Data from YouGov and Imperial College London’s COVID-19 Monitor examines whether the international public are adhering to coronavirus rules and guidance

Among other things, the COVID-19 pandemic has provided a window into how people behave and act in the midst of a crisis. Will they follow new guidance when it’s not strictly enforced – and when it is, how likely are the global public to adhere to the rules?

Since before the start of the pandemic, YouGov and Imperial College London’s COVID-19 Monitor has collected over 42 million weekly and monthly datapoints – including a range of data on attitudes towards COVID-19 compliance. As the crisis has progressed, this data has revealed how the public has responded when they are asked (or told) to adhere to certain preventative measures – and highlighted several national, regional, and cultural differences in the process.

What are the most common preventative behaviours?

Our study indicates that the most common preventative behaviour in Europe is hand washing: the lowest level of compliance (in the Netherlands) still approaches six out of ten people (58%), while the highest (Italy and Spain) amounts to over three-quarters (77%).

However, there is more variation among other behaviours: in Spain or Italy, for example, 45% of people said they were keeping children home from school or university – but just 2% of Finnish people said the same.
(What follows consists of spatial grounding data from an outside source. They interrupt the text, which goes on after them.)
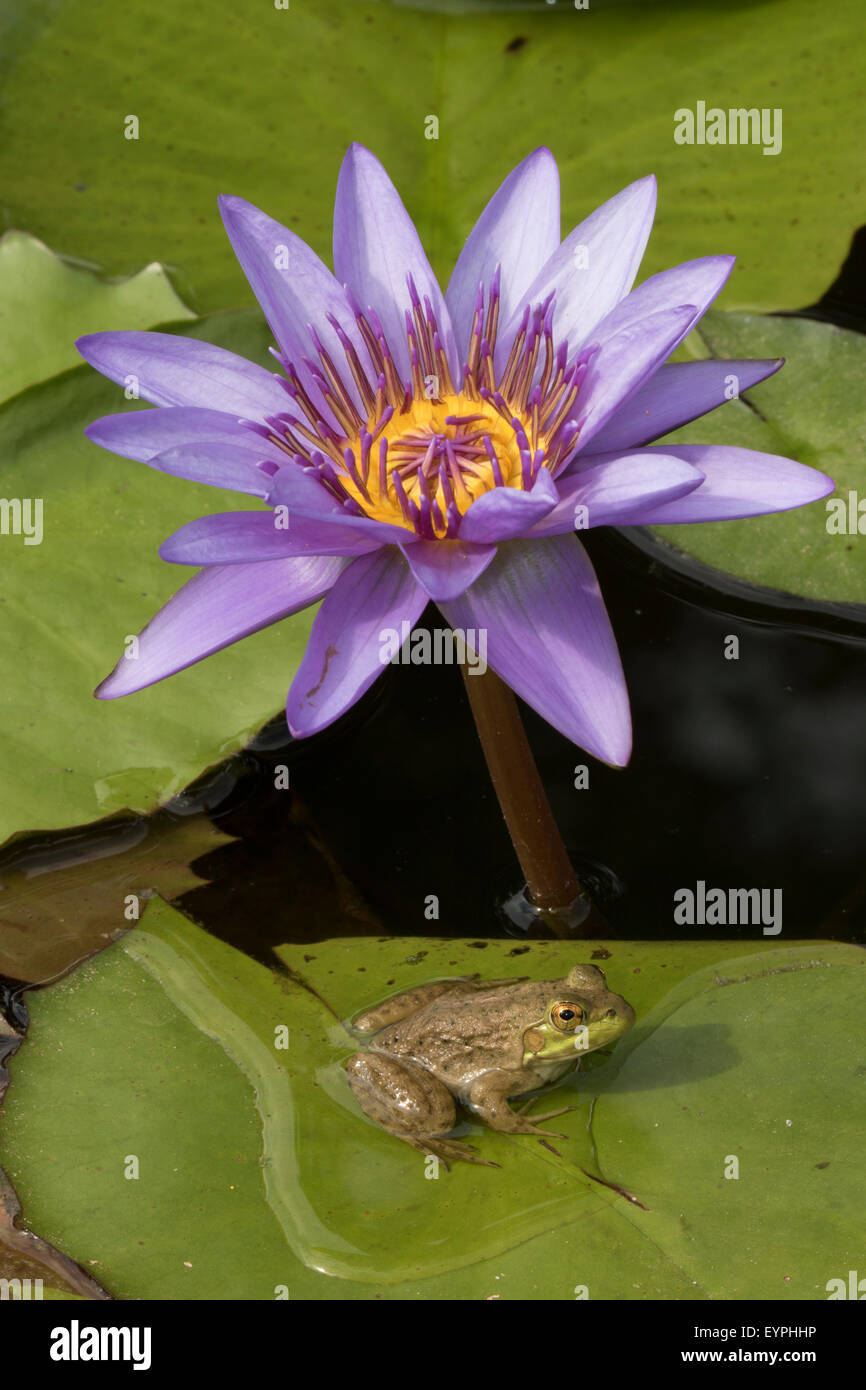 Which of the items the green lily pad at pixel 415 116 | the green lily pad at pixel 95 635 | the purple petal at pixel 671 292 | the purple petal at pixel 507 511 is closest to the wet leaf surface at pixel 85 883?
the green lily pad at pixel 95 635

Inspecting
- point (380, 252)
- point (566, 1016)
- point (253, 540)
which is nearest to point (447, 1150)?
point (566, 1016)

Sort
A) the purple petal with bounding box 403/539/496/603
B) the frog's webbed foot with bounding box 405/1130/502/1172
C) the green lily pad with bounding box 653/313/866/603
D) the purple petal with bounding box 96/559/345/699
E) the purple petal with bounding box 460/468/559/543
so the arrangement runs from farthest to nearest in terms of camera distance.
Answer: the green lily pad with bounding box 653/313/866/603
the frog's webbed foot with bounding box 405/1130/502/1172
the purple petal with bounding box 96/559/345/699
the purple petal with bounding box 403/539/496/603
the purple petal with bounding box 460/468/559/543

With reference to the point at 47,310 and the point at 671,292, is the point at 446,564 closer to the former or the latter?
the point at 671,292

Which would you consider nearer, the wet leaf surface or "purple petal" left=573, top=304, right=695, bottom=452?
"purple petal" left=573, top=304, right=695, bottom=452

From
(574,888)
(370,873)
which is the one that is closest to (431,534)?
(574,888)

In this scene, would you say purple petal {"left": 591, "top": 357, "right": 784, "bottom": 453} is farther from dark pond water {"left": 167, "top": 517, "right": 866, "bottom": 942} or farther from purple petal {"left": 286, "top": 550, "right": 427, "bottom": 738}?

Meanwhile, UK respondents are (along with Spain) joint most likely to say they’ve avoided having guests over, but just 14% of Dutch and Danish respondents say the same.
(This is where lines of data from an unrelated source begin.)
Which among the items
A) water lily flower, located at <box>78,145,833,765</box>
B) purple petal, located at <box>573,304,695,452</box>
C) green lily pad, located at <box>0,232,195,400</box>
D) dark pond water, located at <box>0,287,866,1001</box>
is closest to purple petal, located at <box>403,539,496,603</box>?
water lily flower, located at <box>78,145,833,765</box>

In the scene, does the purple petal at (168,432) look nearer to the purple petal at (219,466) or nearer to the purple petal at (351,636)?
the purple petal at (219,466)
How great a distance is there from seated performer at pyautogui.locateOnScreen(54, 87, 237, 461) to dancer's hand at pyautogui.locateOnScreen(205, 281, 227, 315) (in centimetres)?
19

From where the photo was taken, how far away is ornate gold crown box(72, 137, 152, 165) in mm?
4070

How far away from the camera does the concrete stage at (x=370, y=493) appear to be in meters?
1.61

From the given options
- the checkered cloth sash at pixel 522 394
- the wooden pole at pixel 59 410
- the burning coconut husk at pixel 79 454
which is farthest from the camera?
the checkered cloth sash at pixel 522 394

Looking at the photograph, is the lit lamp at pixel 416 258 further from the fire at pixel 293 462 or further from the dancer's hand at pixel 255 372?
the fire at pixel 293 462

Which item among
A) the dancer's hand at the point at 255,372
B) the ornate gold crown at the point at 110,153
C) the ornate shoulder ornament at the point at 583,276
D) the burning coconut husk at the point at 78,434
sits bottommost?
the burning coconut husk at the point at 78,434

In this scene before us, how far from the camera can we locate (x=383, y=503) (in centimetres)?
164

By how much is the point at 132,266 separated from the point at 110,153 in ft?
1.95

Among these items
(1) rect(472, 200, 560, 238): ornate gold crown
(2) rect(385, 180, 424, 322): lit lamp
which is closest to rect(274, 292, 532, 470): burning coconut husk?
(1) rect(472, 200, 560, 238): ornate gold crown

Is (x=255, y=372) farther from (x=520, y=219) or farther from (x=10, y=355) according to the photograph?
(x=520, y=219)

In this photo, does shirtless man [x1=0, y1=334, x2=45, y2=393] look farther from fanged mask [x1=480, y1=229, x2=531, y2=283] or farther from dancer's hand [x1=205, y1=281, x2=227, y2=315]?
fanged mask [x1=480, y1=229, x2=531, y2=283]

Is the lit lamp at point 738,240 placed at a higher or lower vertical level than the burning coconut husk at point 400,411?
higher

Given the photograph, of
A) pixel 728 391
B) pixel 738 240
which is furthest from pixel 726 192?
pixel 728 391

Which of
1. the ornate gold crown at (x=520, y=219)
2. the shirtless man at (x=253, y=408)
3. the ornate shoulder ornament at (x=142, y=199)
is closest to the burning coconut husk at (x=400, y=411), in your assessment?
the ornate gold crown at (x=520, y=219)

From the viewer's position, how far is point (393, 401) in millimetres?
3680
COVID-19 compliance in the APAC region is similarly diverse. While handwashing is once again among the top preventative behaviours – except in China, where just a third (33%) say they clean their hands with soap and water – the situation is less uniform in other areas. For example, nearly eight in ten (78%) respondents in India said they were avoiding sending their children to school/university compared to 11% in Japan, while almost half (48%) of people in the Philippines say they’re avoiding shops compared to just 14% of people in Indonesia and Japan.
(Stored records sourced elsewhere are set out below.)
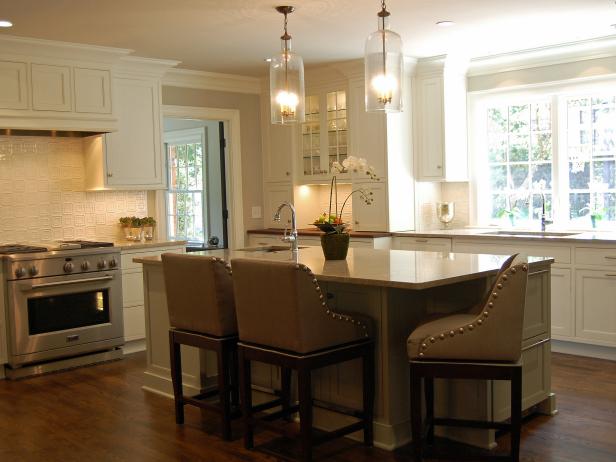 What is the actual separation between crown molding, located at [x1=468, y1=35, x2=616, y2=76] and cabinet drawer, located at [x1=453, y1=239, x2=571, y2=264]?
1.65m

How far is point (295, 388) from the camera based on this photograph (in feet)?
13.4

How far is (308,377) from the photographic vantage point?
3258 mm

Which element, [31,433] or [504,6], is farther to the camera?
[504,6]

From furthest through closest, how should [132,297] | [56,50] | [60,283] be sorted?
1. [132,297]
2. [56,50]
3. [60,283]

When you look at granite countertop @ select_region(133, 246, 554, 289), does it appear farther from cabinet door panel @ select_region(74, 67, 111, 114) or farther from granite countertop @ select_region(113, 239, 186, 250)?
cabinet door panel @ select_region(74, 67, 111, 114)

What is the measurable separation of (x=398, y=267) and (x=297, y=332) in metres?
0.72

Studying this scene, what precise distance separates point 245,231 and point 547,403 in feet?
13.4

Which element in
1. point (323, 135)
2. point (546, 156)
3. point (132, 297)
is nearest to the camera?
point (132, 297)

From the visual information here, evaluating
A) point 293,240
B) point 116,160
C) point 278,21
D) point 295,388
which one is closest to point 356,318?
point 295,388

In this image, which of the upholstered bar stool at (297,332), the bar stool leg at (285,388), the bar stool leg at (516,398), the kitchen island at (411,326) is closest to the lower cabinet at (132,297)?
the kitchen island at (411,326)

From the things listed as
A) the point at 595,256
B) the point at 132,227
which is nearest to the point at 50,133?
the point at 132,227

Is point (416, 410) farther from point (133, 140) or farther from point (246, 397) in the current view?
point (133, 140)

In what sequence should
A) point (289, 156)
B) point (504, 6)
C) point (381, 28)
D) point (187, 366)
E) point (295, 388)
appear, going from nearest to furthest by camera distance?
1. point (381, 28)
2. point (295, 388)
3. point (187, 366)
4. point (504, 6)
5. point (289, 156)

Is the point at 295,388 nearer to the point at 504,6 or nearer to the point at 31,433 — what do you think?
the point at 31,433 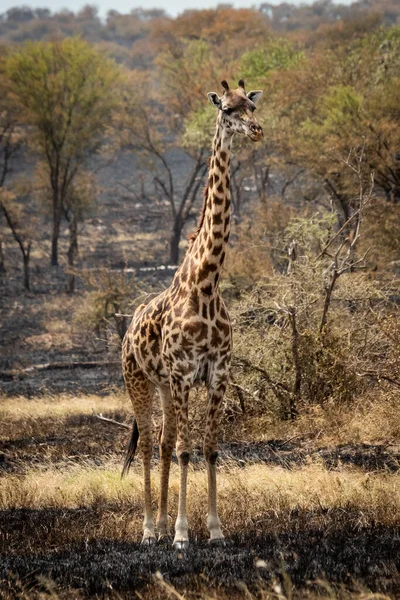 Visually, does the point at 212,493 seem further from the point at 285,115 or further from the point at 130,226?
the point at 130,226

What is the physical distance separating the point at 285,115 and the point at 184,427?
30344 millimetres

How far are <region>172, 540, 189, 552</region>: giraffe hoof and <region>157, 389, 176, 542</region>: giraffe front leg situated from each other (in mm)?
649

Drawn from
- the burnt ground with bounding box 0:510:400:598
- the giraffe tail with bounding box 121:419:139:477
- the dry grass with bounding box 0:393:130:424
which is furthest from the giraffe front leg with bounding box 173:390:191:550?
the dry grass with bounding box 0:393:130:424

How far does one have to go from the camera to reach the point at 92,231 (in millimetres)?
47312

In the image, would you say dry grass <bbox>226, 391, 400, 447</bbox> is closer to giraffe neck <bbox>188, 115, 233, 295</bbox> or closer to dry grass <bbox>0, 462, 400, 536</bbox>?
dry grass <bbox>0, 462, 400, 536</bbox>

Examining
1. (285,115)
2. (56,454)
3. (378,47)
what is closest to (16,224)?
(285,115)

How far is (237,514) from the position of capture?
756cm

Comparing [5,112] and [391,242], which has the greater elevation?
[5,112]

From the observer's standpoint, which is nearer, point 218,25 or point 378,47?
point 378,47

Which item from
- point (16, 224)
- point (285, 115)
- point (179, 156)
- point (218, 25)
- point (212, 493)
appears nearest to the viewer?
point (212, 493)

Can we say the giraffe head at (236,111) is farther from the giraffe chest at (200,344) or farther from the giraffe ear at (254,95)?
the giraffe chest at (200,344)

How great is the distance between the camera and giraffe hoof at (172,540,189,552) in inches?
265

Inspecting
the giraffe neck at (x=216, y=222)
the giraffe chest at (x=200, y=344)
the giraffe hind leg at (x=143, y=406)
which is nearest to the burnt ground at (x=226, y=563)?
the giraffe hind leg at (x=143, y=406)

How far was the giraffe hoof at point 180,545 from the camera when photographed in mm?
6734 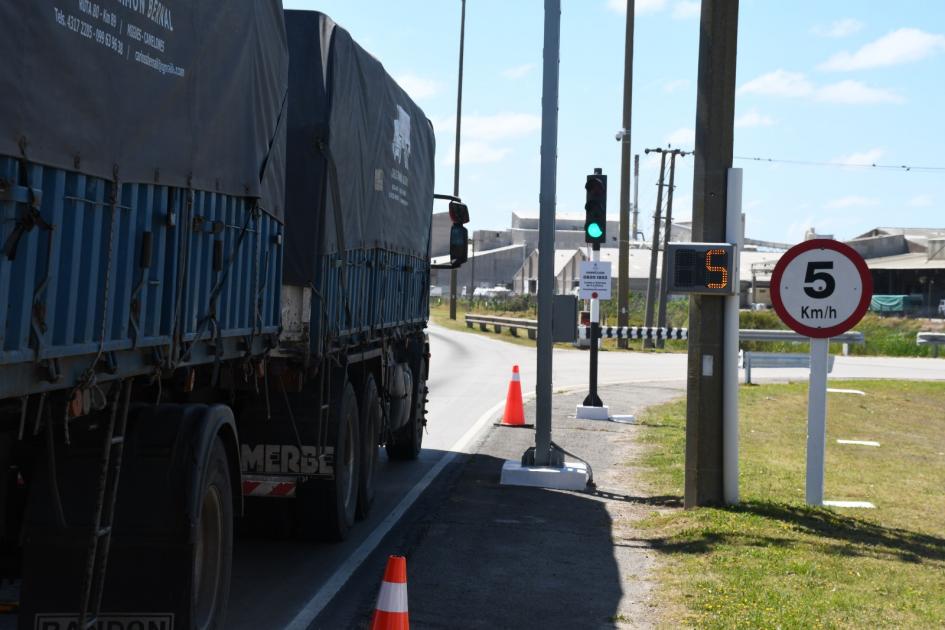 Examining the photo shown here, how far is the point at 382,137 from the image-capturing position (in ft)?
37.8

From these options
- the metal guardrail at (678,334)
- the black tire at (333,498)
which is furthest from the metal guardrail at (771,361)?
the black tire at (333,498)

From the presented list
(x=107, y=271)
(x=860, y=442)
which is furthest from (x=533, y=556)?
(x=860, y=442)

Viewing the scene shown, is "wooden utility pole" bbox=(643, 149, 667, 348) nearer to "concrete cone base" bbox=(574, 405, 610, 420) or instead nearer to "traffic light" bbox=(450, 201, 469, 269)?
"concrete cone base" bbox=(574, 405, 610, 420)

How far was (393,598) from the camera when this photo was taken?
553cm

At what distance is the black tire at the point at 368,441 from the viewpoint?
10.5 meters

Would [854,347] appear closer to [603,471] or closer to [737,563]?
[603,471]

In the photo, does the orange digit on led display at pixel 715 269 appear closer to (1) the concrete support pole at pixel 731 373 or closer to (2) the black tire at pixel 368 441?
(1) the concrete support pole at pixel 731 373

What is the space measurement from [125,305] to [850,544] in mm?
6421

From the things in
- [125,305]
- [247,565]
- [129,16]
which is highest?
[129,16]

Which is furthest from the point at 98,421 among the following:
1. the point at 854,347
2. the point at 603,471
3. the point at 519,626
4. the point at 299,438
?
the point at 854,347

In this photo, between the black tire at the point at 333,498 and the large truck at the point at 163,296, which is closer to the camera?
the large truck at the point at 163,296

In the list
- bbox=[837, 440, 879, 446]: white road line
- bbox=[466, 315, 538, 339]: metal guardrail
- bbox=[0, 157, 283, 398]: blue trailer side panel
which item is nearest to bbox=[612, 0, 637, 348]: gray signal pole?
bbox=[466, 315, 538, 339]: metal guardrail

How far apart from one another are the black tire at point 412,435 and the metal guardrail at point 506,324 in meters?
32.6

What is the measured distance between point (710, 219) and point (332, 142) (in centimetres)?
363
Facemask compliance across the globe

Wearing a face mask has been a common preventive measure during the COVID-19 pandemic – one recommended by the WHO and enforced by many national governments.

Our data suggests that force is much more effective than recommendation in terms of  ensuring compliance. In every region we track, most people – when asked when they would be willing to wear a face mask – say they would if “it was the law to do so”. APAC – an area that has been seriously affected by other coronaviruses such as SARS in the past – is the only region where a majority of every age group of the population says they would wear a face mask in every category we asked about.

There is, however, evidence to suggest that compliance increases with age in Europe and North America. Younger people, particularly in Europe and North America, are more likely to report that they are not willing to wear a face mask.

The main reason they offer is that they do not have any symptoms (40% Europe; 33% NA); most people are not wearing them (30% Europe; 16% NA); and a belief that masks are not an effective way to contain COVID-19 (22% Europe; 30% NA). A fifth of North Americans also say that they believe only sick people should wear face coverings.

With widespread opposition to wearing these masks, then, governments which wish to mandate their usage may have to impose stricter rules and regulations. If persuasion does not necessarily work, the law may have greater success.

That said, there is some reason for governments to be optimistic about COVID-19 compliance. Our data shows that, across the board, people are willing to wear face masks, and socially distance in future. If their actions do not always map neatly onto their intentions, there is at least a clear willingness to do better.